I was one of the lucky few to attend the Google Developer Day in San Jose last week. It was quite interesting. One of the best talks I went to concerned the Google backend infrastructure. One of the topics they've worked on extensively is storing and organizing massive amounts of information. This probably isn't a surprise to anyone, but it highlighted to me the coming importance of concurrent programming.
For a short one-line introduction to the subject: concurrent programming concerns the simultaneous execution of multiple interacting computational tasks. O'Reilly recently pointed out that as the processor speeds remain stable, but the number of processors inside a computer continue to increase.

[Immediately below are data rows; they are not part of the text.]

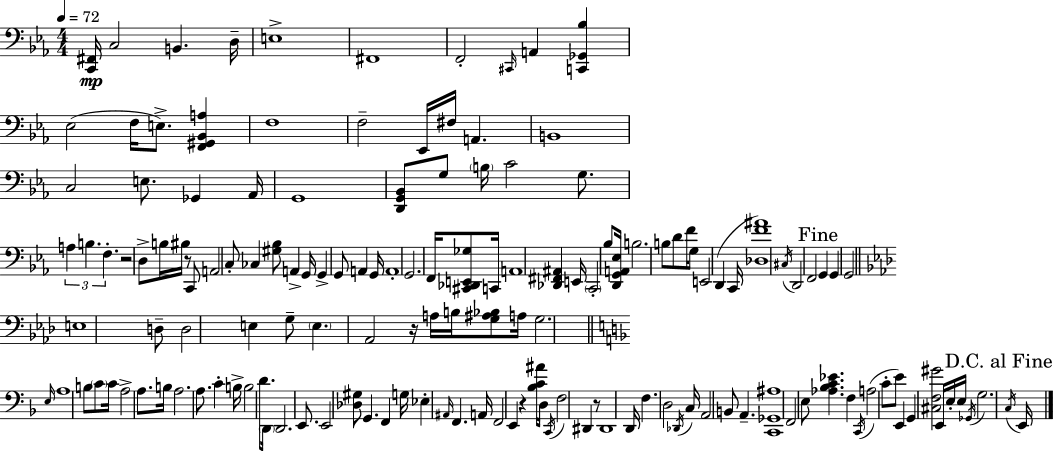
X:1
T:Untitled
M:4/4
L:1/4
K:Cm
[C,,^F,,]/4 C,2 B,, D,/4 E,4 ^F,,4 F,,2 ^C,,/4 A,, [C,,_G,,_B,] _E,2 F,/4 E,/2 [F,,^G,,_B,,A,] F,4 F,2 _E,,/4 ^F,/4 A,, B,,4 C,2 E,/2 _G,, _A,,/4 G,,4 [D,,G,,_B,,]/2 G,/2 B,/4 C2 G,/2 A, B, F, z2 D,/2 B,/4 ^B,/4 z/2 C,,/2 A,,2 C,/2 _C, [^G,_B,]/2 A,, G,,/4 G,, G,,/2 A,, G,,/4 A,,4 G,,2 F,,/4 [^C,,_D,,E,,_G,]/2 C,,/4 A,,4 [_D,,^F,,^A,,] E,,/4 C,,2 _B,/2 [D,,G,,A,,_E,]/4 B,2 B,/2 D/2 F/4 G,/2 E,,2 D,, C,,/4 [_D,F^A]4 ^C,/4 D,,2 F,,2 G,, G,, G,,2 E,4 D,/2 D,2 E, G,/2 E, _A,,2 z/4 A,/4 B,/4 [G,^A,_B,]/2 A,/4 G,2 E,/4 A,4 B,/2 C/2 C/4 A,2 A,/2 B,/4 A,2 A,/2 C B,/4 B,2 D/2 D,,/4 D,,2 E,,/2 E,,2 [_D,^G,]/2 G,, F,, G,/4 _E, ^A,,/4 F,, A,,/4 F,,2 E,, z [_B,C^A]/4 D,/4 C,,/4 F,2 ^D,, z/2 ^D,,4 D,,/4 F, D,2 _D,,/4 C,/4 A,,2 B,,/2 A,, [C,,_G,,^A,]4 F,,2 E,/2 [_A,_B,C_E] F, C,,/4 A,2 C/2 E/2 E,, G,, [^C,F,^G]2 E,,/4 E,/4 E,/4 _G,,/4 G,2 C,/4 E,,/4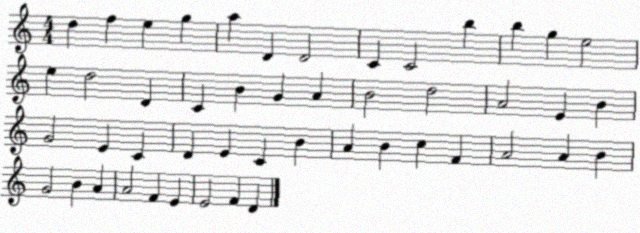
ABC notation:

X:1
T:Untitled
M:4/4
L:1/4
K:C
d f e g a D D2 C C2 b b g e2 e d2 D C B G A B2 d2 A2 E B G2 E C D E C B A B c F A2 A B G2 B A A2 F E E2 F D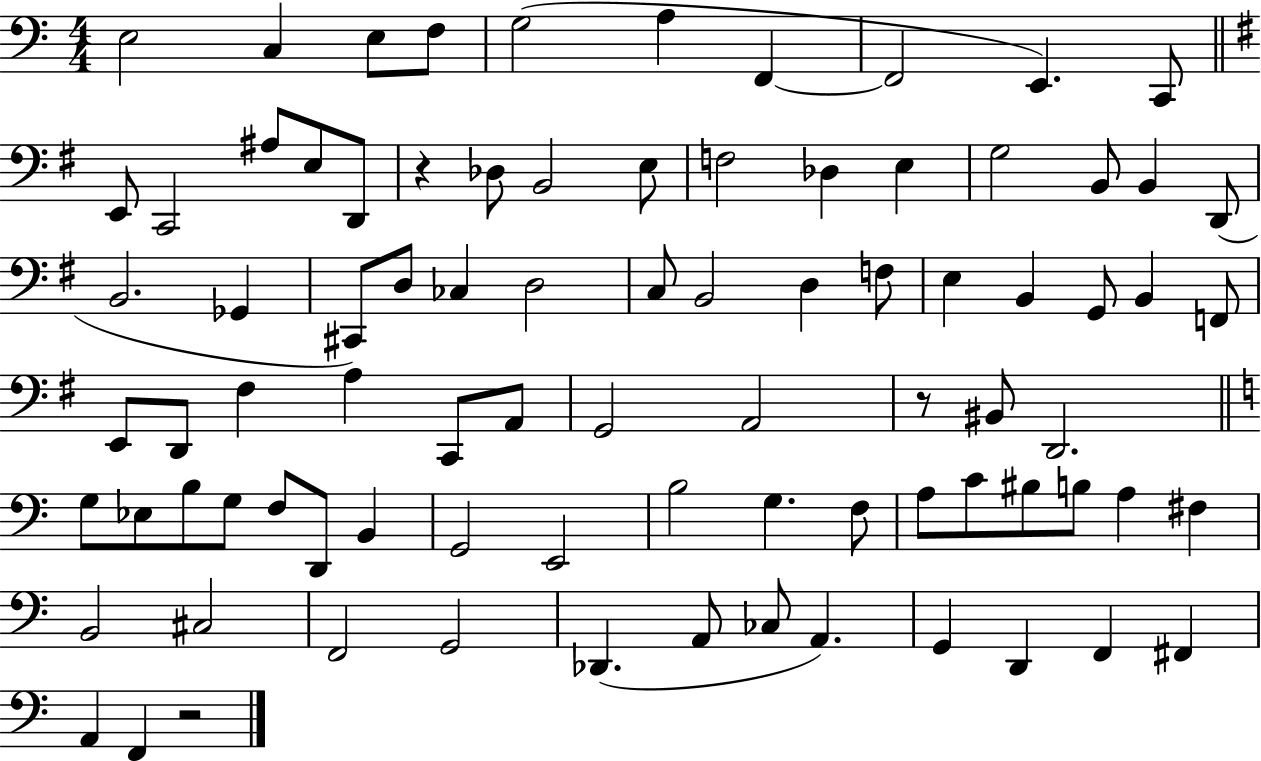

In 5-10 years, having a computer with 50-100 processors will probably not be unusual. The real question is: how do you take advantage of all those processors?
I think many consumers assume that all these extra processors in their computers are being leveraged. I would say they are most likely assuming incorrectly, or at least, they are being leveraged inefficiently. Concurrent programming languages (such as Haskell) allow multiple processors to execute tasks simultaneously, and coordinate tasks between them. Now that's some sexy programming.
It can also make good financial sense to move into this area of programming. In O'Reilly's article, "The Faint Signals of Concurrency", utilizing an 8 CPU machine for processing data is much cheaper than buying a cluster of 8 machines for processing data.
Haskell is already a "hip" programming language (stop laughing). Among nerds, it is the cool language that wears its sunglasses at night, listens to jazz, and can recite quotes from famous philosophers. I would say that this is a bleeding edge language, and really needs more investigation by me.